March 8, 2011 1:10 pm

SteveE says: March 8, 2011 at 8:16 am
I’m not sure how you could back calculate point data from an averaged grid cell.
————–
I am not suggesting that one should ‘back calculate point data’ from the climate model output.
The model output gives an averaged grid cell value at a point in time. Compare the model averaged value directly with the point data at that place and time. Don’t make it more difficult than that. I guarantee that the climate modelers are doing this kind of comparison of climate model output to the grid cell synthetic data. That is how they tweak the model parameters. Take it the next step and also compare the model output to the original measured data in that time window. If there are 5 measured values within the grid cell- then do the comparison 5 times.
We are not all that far apart.
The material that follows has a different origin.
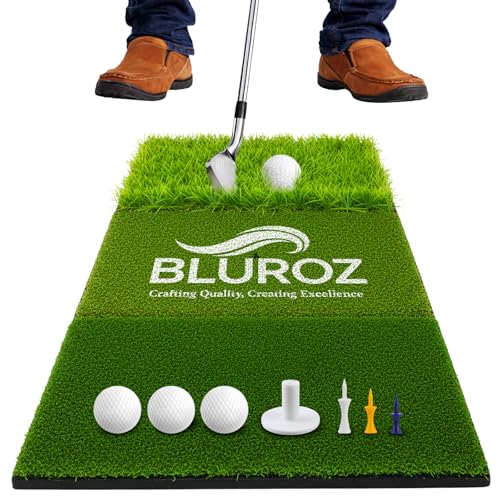 Premium Golf Practice Mats – Mini & Large Options for Hitting, Putting & Chipping | Indoor/Outdoor Training Sets - style: Mini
I believe the point you make is .. it won’t be exactly right. And I say, doesn’t matter. What matters is, if I do this comparison for 1000 or more point measurements, and compute a total for all of the Delta-squared values, I now have a yardstick measure of how well that particular climate model run performed. If the model inputs are tweaked, and re-run, does my yardstick get better or not? If a different climate model is run, and the yardstick computed against the same 1000+ points, is the yardstick value better in model A or model B? Does a particular climate model have ‘tendencies’ to run hot in summer or cold in winter, or vice versa? That would impact the yardstick value. Is the model stable – that is, are the year over year yardstick values about the same, getting bigger, getting smaller?
And to the point made by Willis – if there is a big problem (like UHI) in the homogenization process that created the synthetic grid data, then the climate model has no chance, but unless there is a comparison back to the measured data, how would you know?
I’m off my soapbox now. Thanks for listening. And thanks once again Willis, for thought provoking articles.

John Johnston

March 8, 2011 1:24 pm

@Juice, your supposed Lord Rutherford of Nelson quote is a misquote:
‘“If your experiment needs statistics, you ought to have done a better
experiment.”
The actual quote was: “If your result needs a statistician then you should design a better experiment”
There is a huge difference. Rutherford did say the odd dumb thing (who the hell does not?) but this was definitely not one of them. Lord Rutherford was the New Zealand Chemist and Physicist who laid the groundwork for the development of nuclear physics by investigating radioactivity. and who first split the atom. He collaborated with Bohr in describing atomic structure, and won the Nobel Prize in 1908, when that award still meant something.
He knew that statistics could be used to show correlation and thus point the way to formulating theories and identifying subjects worthy of investigation. He also knew that they could never be used to prove the theories. Only data will serve as results.

Stephen Brown

March 8, 2011 2:00 pm

Appropriate, methinks.
[youtube http://www.youtube.com/watch?v=-Py5aPLG348&w=480&h=390%5D

Christian

March 8, 2011 2:06 pm

Put very (too) simply:
1. You collect the data from various sampling points.
2. You perform statistics on it to model it together with its neighbours, in an attempt to create a ‘regional’ model.
3. You generate values for areal subsets that represents averages, including a ‘global’ average for the entire dataset.
4. You use these values to model ‘regional’ patterns.
The problem is, the ‘regional’ average generated for a subarea can differ markedly from the original point value. There are many possible reasons, but the main one is that the errors are large because there are not enough sample points.
It’s all about the errors. ‘Regional’ air temperatures are also flawed e.g. because the sampling is not optimised for ‘regional’ purposes, the sampling points are too few and irregularly distributed, one can go on and on.
The key observation is that, for climate science and even modelling to be useful, the land temperature data and the sampling density and protocols needs to be optimised. I have never read any study that discussed these critical issues by the policy makers but they emerge from studies like http://www.surfacestations.org.
In the meantime, we can do our best with the satellite and Argos datasets which are still young but hold out the hope that they will produce reliable regional and global datasets.